Bob Gezelter gezelter at rlgsc.com
Mon May 30 07:41:55 PDT 2011


Harald,

Point taken. Having spent a lot of time with the different versions of
the Postel Mail specifications, I got my citation incorrect.

The appendices to RFC 821, however, well prove my point. As noted
directly in Section 1, Introduction:

 "SMTP is independent of the particular transmission subsystem and
   requires only a reliable ordered data stream channel.  Appendices A,
   B, C, and D describe the use of SMTP with various transport services.
   A Glossary provides the definitions of terms as used in this
   document." [RFC 821, Section 1] (Note: I did not check the
intervening versions between 772 and 821 to see precisely when it
appeared)

Appendices A, B, C, and D provide examples of SMTP bindings for various
underlying transports (TCP, NCP, NITS, and X.25 respectively).
There are no implications that this list is exhaustive.

Similarly, in my comments on the WebSocket protocol, there are no
reasons why a similar approach would be inappropriate, or place a
burden on anyone. I do not have access to my notes at this instant, but
as I recall, the only TCP-related dependencies related to the
scheme specifier at the beginning of the URL (e.g., ws:, wss:). IMO,
these, together with other TCP/HTTP dependencies, belong in an appendix,
or since, there is a high likelihood of entropy, in a separate RFC
appropriately titled (e.g., WebSocket Protocol over HTTP/TCP).

This would clarify the heart of the WebSocket protocol from the details
of the transport binding. It would also clarify starkly those details
that are specific to the TCP/HTTP binding, and which may be unnecessary
or inappropriate in the context of a different transport.

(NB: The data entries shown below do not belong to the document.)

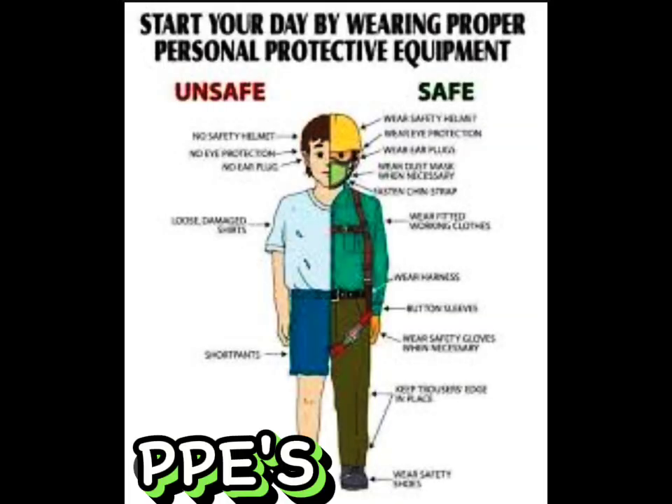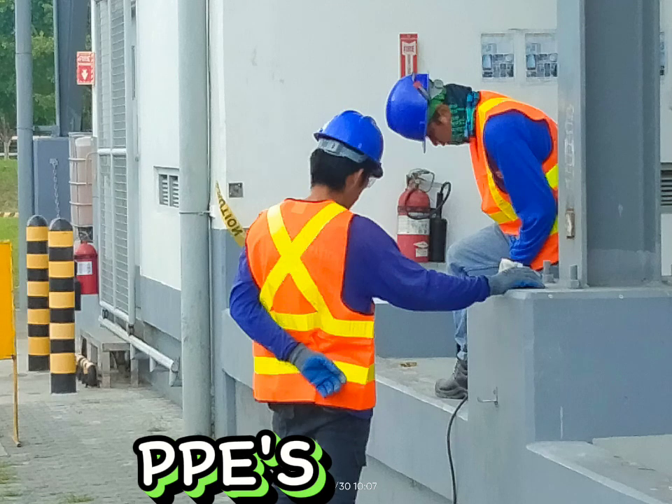Personal protective equipment (PPE): workers involved in lifting work should wear appropriate PPE such as hard hats, gloves, safety boots, and high visibility clothing. This will protect them from any potential hazards and reduce the risk of injury.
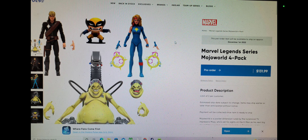Welcome to World Breaker Koo's Reviews. I'm your host, World Breaker Koo, and today we're here to talk about Hasbro's Marvel Legends Mojo World 4-pack.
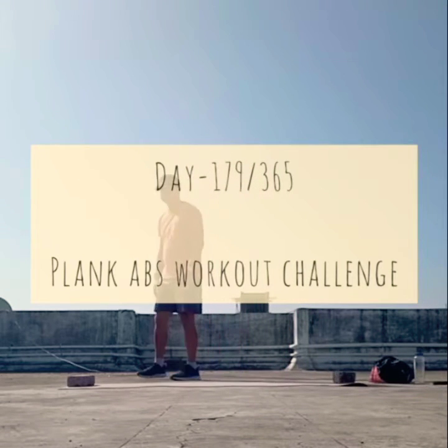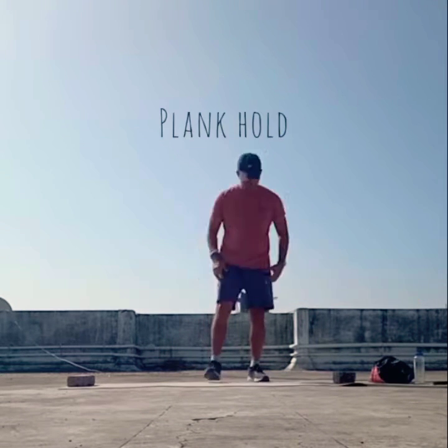Hello everyone, welcome to day 179 of the 365-day fitness challenge. Today we are going to do the plank abs workout challenge.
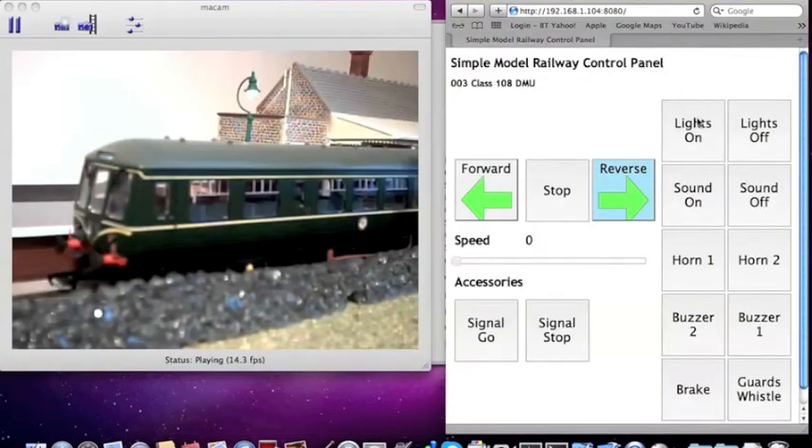The web page can be used to control direction and speed of an engine, as well as any functions such as sound and lights. So, let's drive this train.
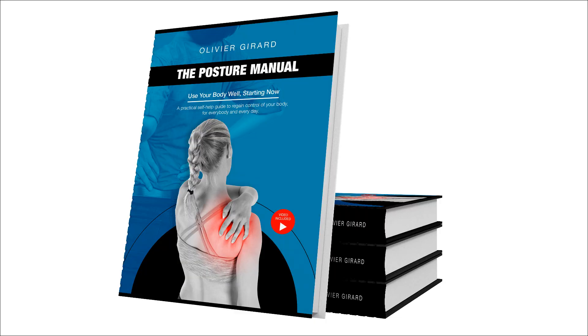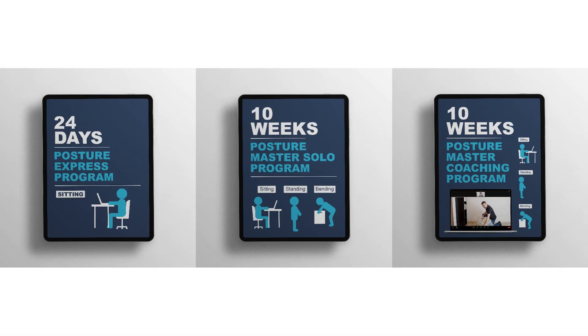Welcome, I'm Olivier Girard, economist, posture therapist, author of the Posture Manual, and creator of three online posture programs. This video is also a way for me to thank the guys who have taken their time to develop this software for free for us to use it.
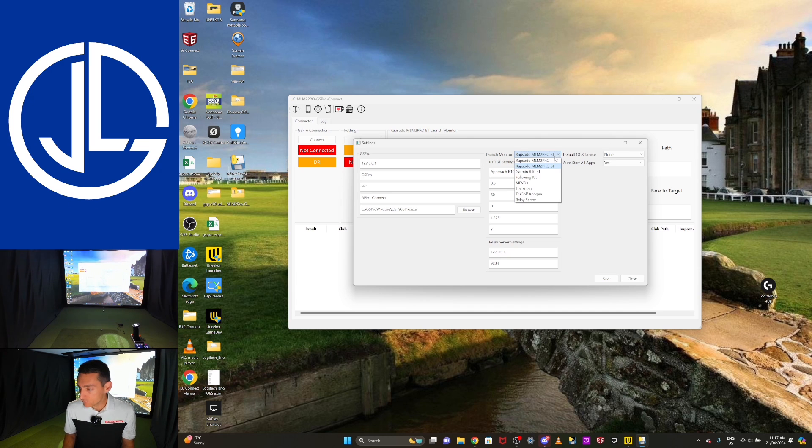Up here you've got the launch monitor selector where you can see all the different launch monitors available. You've got the Rapsodo MLM2 Pro — you can open it in the old OCR method or use the new Bluetooth method. I'm going to use the Bluetooth method. Importantly, you do not have to go into your Windows Bluetooth settings and pair the MLM2 Pro — don't do that. There is no MLM2 Pro in my Bluetooth settings. If you do have it there, delete it, as you don't need it for this to work. The Garmin R10, Full Swing Kit, Mevo Plus, TrackMan, and True Golf Apogee are also available, though only the MLM2 Pro and Garmin R10 connect via Bluetooth right now.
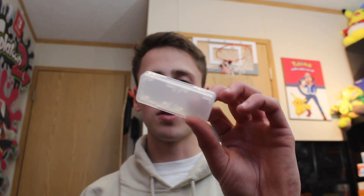Let's go ahead and open this up and see what it looks like on the inside. We got a little case for your Switch games. Here's the charging port components that we'll get to in a little bit.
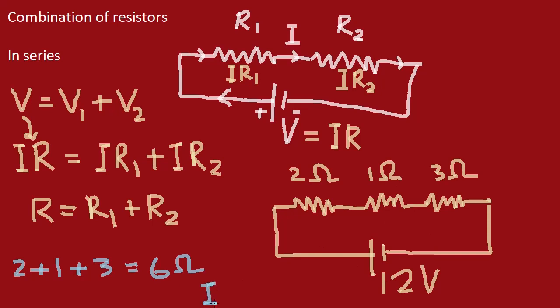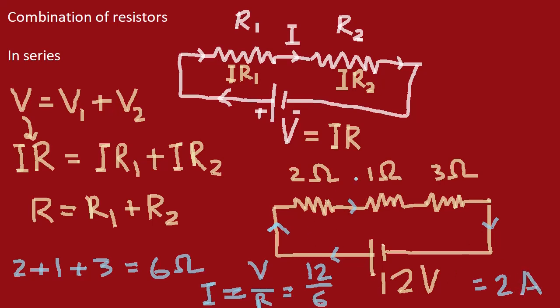Using Ohm's law, the current I equals the potential difference divided by the resistance — that is 12 volts divided by 6 ohms. Since it is connected in series, the current is equal throughout all resistors, and that current equals 2 amperes. In this manner we can solve questions when resistors are connected in series. We will come back for the second type of connection of resistors.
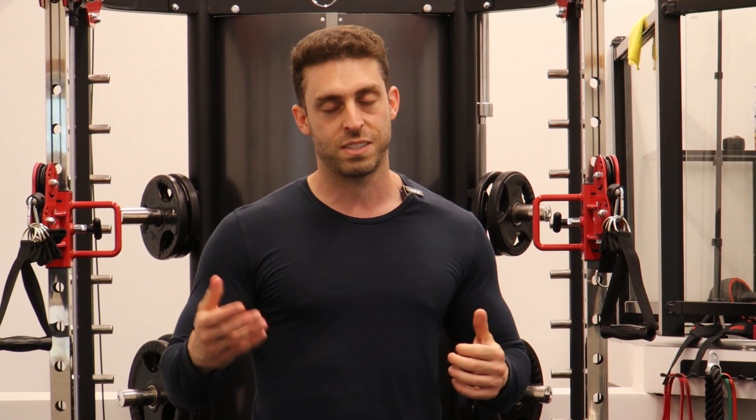Also, always remember to keep your back pressed against the bench. If you guys like the video, click like, subscribe, and comment down below — let me know what your favorite chest exercise is, and I'll see you guys in the next video.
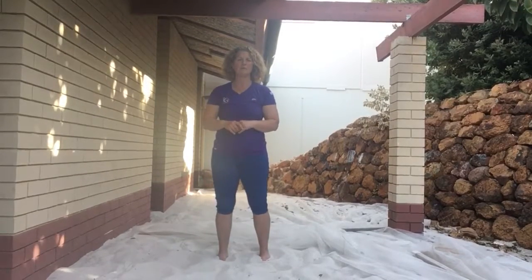You need grass, dirt, sand, something soft, and bare feet. Alright, thanks for watching. Have fun.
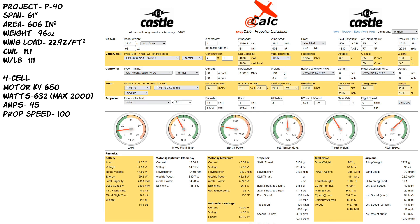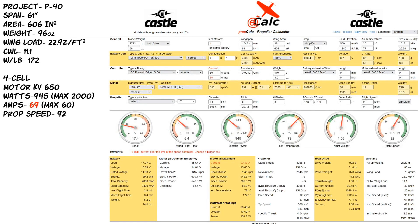He went to a three-bladed 14-inch prop, but under the motor maximum section the calculator showed 69.48 amps. The electronic speed controller he has is only rated for 60 amps, so now he's over-amping his speed controller. He called me and asked what to do, and I said you've got to lower your KV.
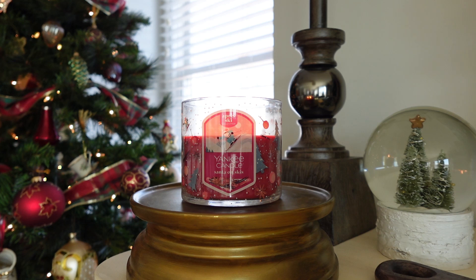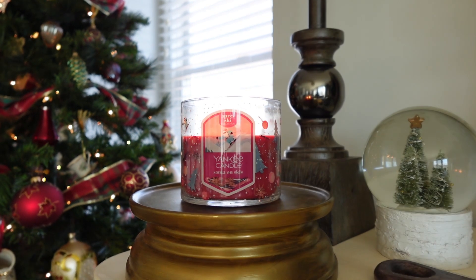First, the label — so cute. I actually really like the labels in this collection. I think this is probably the best labeling Yankee has done on their three-wicks so far. I enjoyed the spring ones, didn't love the fall ones, and I'm still not sure about the holiday ones overall, but these Après Ski ones are really cute with that snow-dusted look and the little skiing pictures.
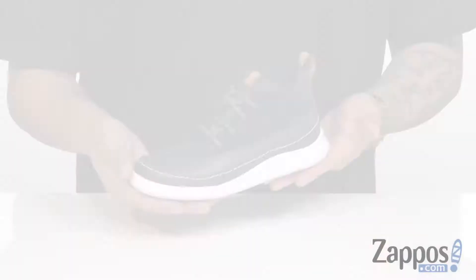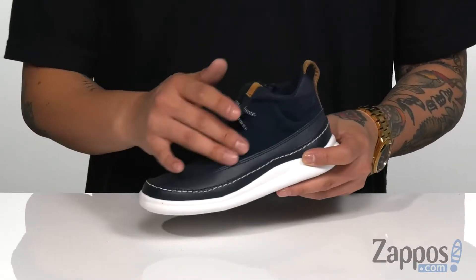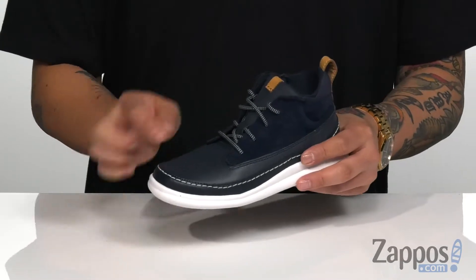Hey, it's Andrew from Zappos and this is the Cloud Air from Clark's Kids. This stylish shoe features a very durable leather upper with soft suede detailing. Contrast stitching around gives it a pop of style.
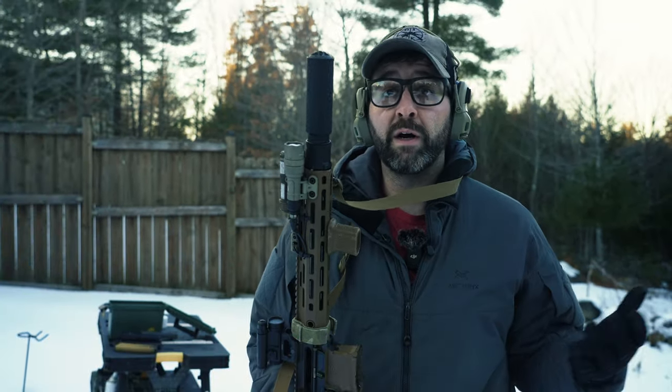Thank you so much for watching — like, subscribe, comment. And I still didn't answer the question on what is the best can. I don't know what the best can is. We'll find out — we've got a couple more suppressor reviews to do.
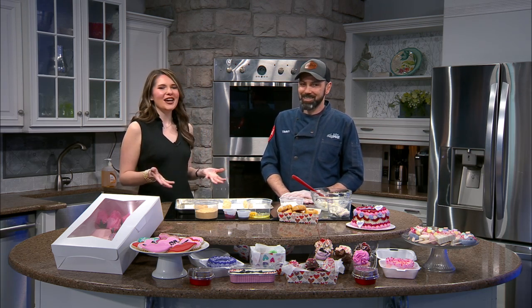Welcome back. As Valentine's Day gets closer, you might be thinking about what to give your loved one as a gift. If you're looking to give them something sweet, Cake Bud's Bakery has you covered. I've got Timmy Norman with me today to show us how to make a sweet treat for the holiday. Thanks for joining us today.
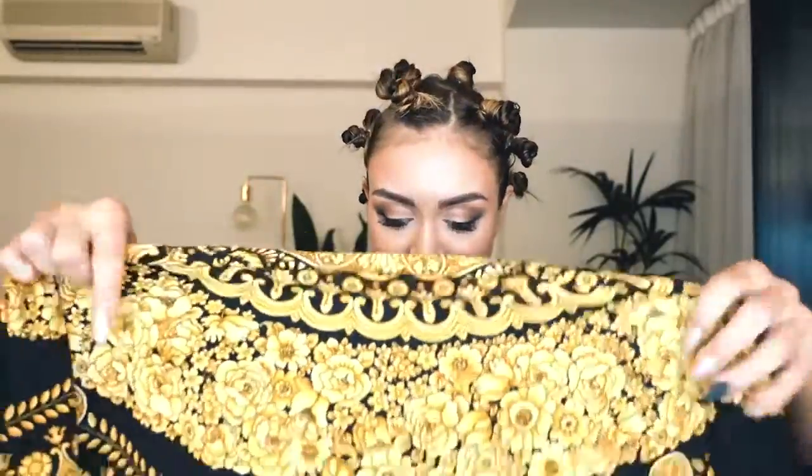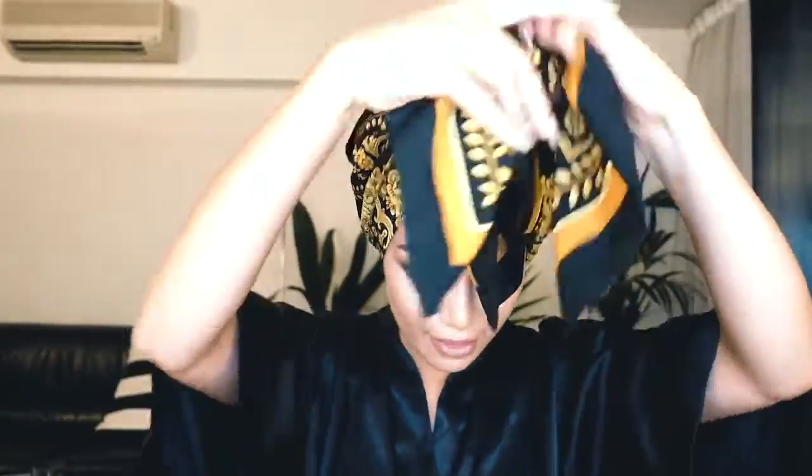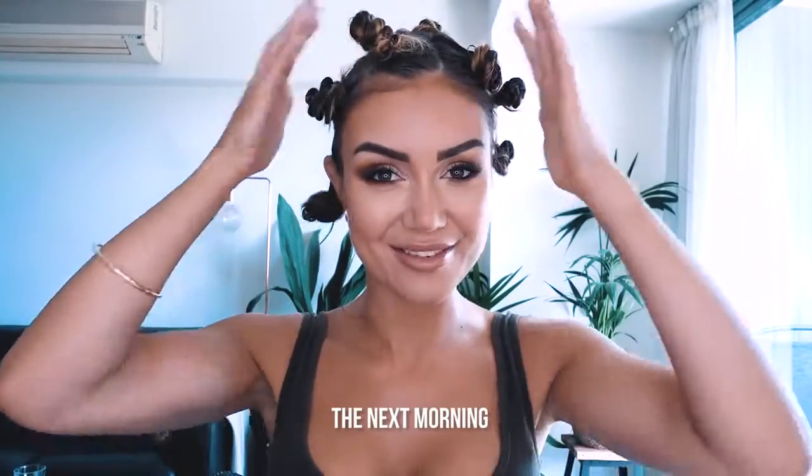Moving on to the top layer - you can divide this as you please, either a center part or slightly to the side. I'm going to go with a little bit to the side. And we're done - this is how I'm going to go to sleep. I know this isn't the sexiest look for bedtime, but a good idea is to grab a silk scarf and just cover everything up so they stay really nice and soft. Secure that all into place, and tomorrow we're going to have awesome heatless curls!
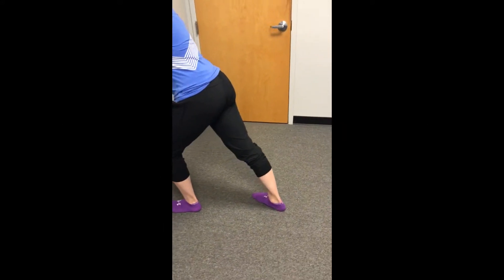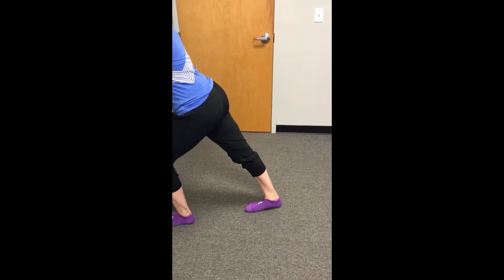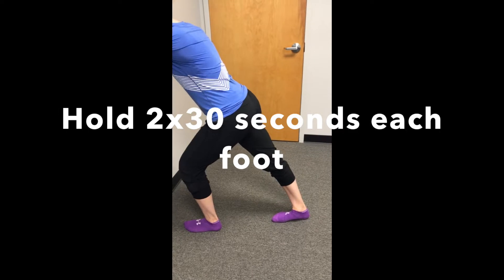While maintaining proper form, hold the stretch for 30 to 60 seconds, two to three times.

- Bob Gezelter, http://www.rlgsc.com

> -------- Original Message --------
> Subject: Re: [whatwg] Websockets: dropped packets? (Jonathan Chetwynd)
> From: Harald Alvestrand <harald at alvestrand.no>
> Date: Sun, May 29, 2011 8:06 pm
> To: gezelter at rlgsc.com
> Cc: whatwg at lists.whatwg.org
> 
> 
> On 03/31/11 14:53, Bob Gezelter wrote:
> > Jonathan,
> >
> > The WebSocket protocol currently presumes TCP as the underlying 
> > transport.
> >
> > TCP connections are an uninterrupted stream. If a packet is lost, the
> > connection will be aborted.
> >
> > I do not believe that the TCP dependency is truly necessary or 
> > beneficial.
> > WADR, it would be far more appropriate to specify the needed 
> > characteristics
> > of the underlying transport. As an example, the earliest versions of MTP
> > (RFC 772) -- the predecessor of SMTP have successfully taken this 
> > approach
> > to specification.
> Just to chime in on an old thread here, since it was referenced in Ian's 
> recent response:
> 
> After reading RFC 772, I believe you are presenting it falsely. It 
> specifies a dependency on "either TCP or NCP", where NCP is the Arpanet 
> protocol preceding IP (RFC 772 is from September 1980; NCP was turned 
> off in the Arpanet on Jan 1, 1983).
> 
> RFC 821, SMTP, which was the first (and so far only) successful mail 
> protocol on the Internet, did a little more separation, because it 
> specified an explicit mapping on TCP/IP (RFC 821 appendix A), as well as 
> mapping to other protocols. Later versions (RFC 2821, RFC 5321) simply 
> said "see RFC 821 for alternative mappings", and only specified the 
> TCP/IP mapping.
> 
> AFAIK, all other specifications that reference SMTP refer to the TCP 
> mapping only, in many cases (ref RFC 1123) making requirements that only 
> make sense for TCP, and it's the only one that's seen real deployment.
> 
> I believe the premise is false, so it should not be a surprise that I 
> believe the conclusion is erroneous.
> >
> > In a recent posting to my blog, Ruminations, I suggested that the 
> > WebSocket
> > protocol specification be segregated into multiple RFCs, to separate the
> > TCP-related implementation issues from the underlying protocol.